My date last night was perhaps the first proper date that I had ever had.  We were meeting to see if we could sustain more than a moment of initial attraction.  Isn’t that what a date is all about?  I had been looking forward to it all week not least because I am so eager to get over the hesitant, unwilling Mr. NYC…should I start using his name rather than some acronym?

Whenever one is transitioning from one relationship to another it is almost impossible not to compare what was with what is on offer.  So, in order to beat that particular demon we talked about last loves and expectations.  Frankly it was wonderful to just be in the same room as a man who one found attractive rather than the constant yearning of the past 6 months.   The more I sat with this strange new boy the more at ease I became and the more attractive he seemed to me.  But unlike the last I would have to work a great deal harder to capture this butterfly.

For a start-I am not and will never be his physical type.   If we have types…I suppose I may surpass types.   I am the charismatic, art collecting, goat rearing, F150 driving, Vivienne Westwood wearing anomaly so getting to have dinner with me is just about me and who I am.

Of course he knew more about me than I him as my life is flayed all over the Internet.   He looked at me with curious blue eyes.  At times he was deliciously coy.
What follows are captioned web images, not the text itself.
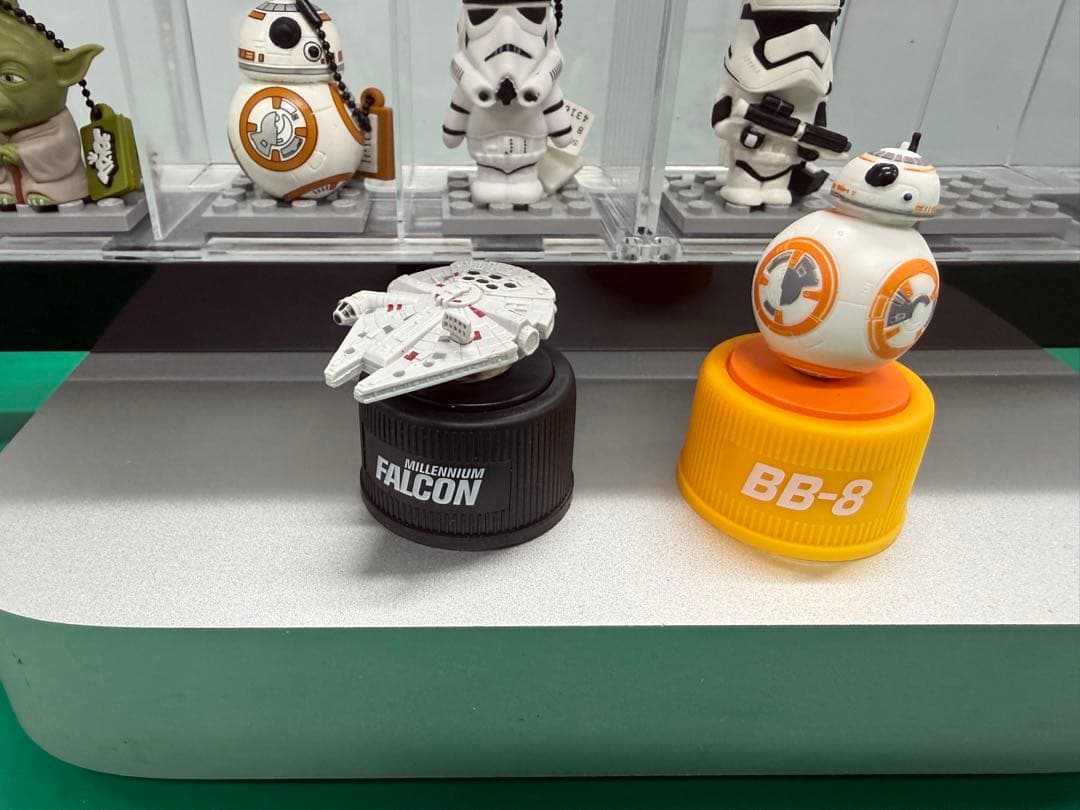 ファンの方へ ショーケース付きで USB スターウォーズ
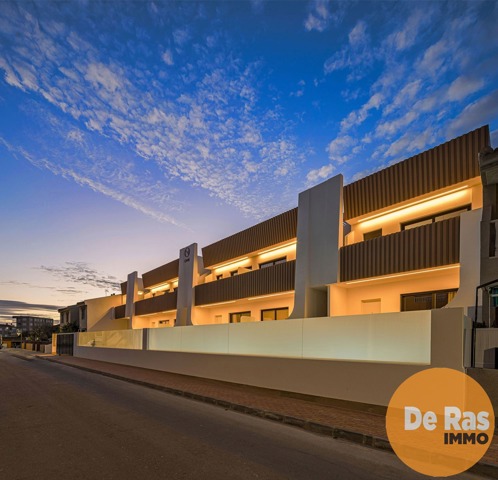 SPANJE - Excentrieke appartementen op wandelafstand zee 1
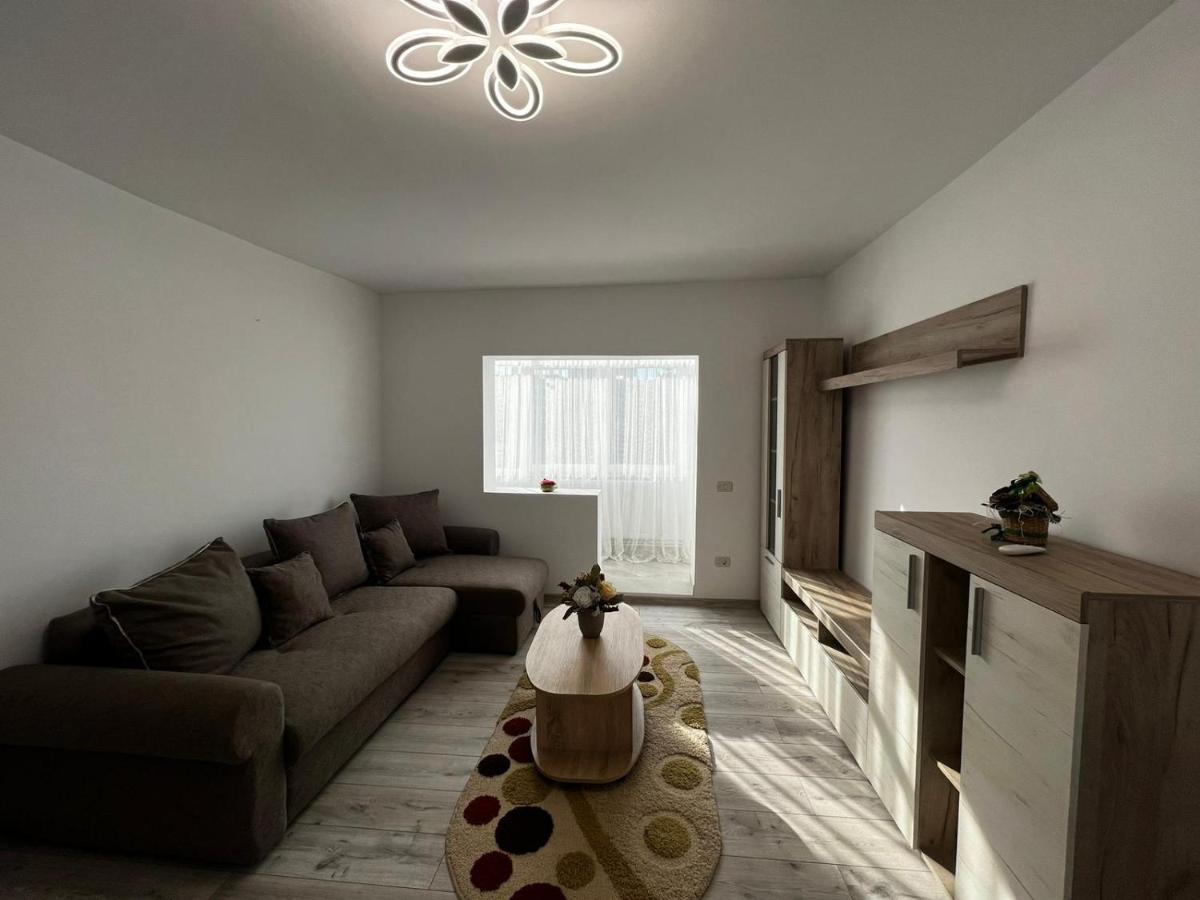 Cozy Urban Accommodation In Beautiful ซูชาวา ภายนอก รูปภาพ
This man/boy is incredibly well-educated with a compelling story and good connections.   A bit deaf-or maybe I was mumbling.  Our recent experiences with men have confused us.  I urged him not to let these last encounters destroy what we love most about men…anyhow it is the very essence of jade that is peculiar to gay men and is as attractive to me as rat poison.   It is true to say however that we are both a little bruised by recent loves, a little reticent.   I want to meet men unfettered and with abandon.  It is my aim.

He is a recent émigré to LA so enjoying all that the city has to offer.  Irritatingly, unable to stop myself, I began a tirade against my adopted home and found myself saying things to him that I didn’t even believe anymore-it’s just easier to gripe about Los Angeles rather than take ownership of it.

Of course he is strikingly good looking…a willowy boy, tall, and slim like an 18th century romantic hero.   An extraordinary gait.   Floppy blond hair and the most beautiful nose.  He drank one glass of white wine, which scarcely seemed to affect him at all.   We ordered three courses because I knew that today I was going to go on a diet and start my gym training with David at Gold’s in Venice.

Rabbit good.  Bratwurst bad.  Cakes divine.

I have no idea if I will kiss his neck or sweep the blond hair out of his eyes.  I have no idea if we will meet in Paris or drive to San Francisco on a whim but there’s a chance that we may and if we don’t, well…I know I made good choices tonight.  Good for my brimming heart.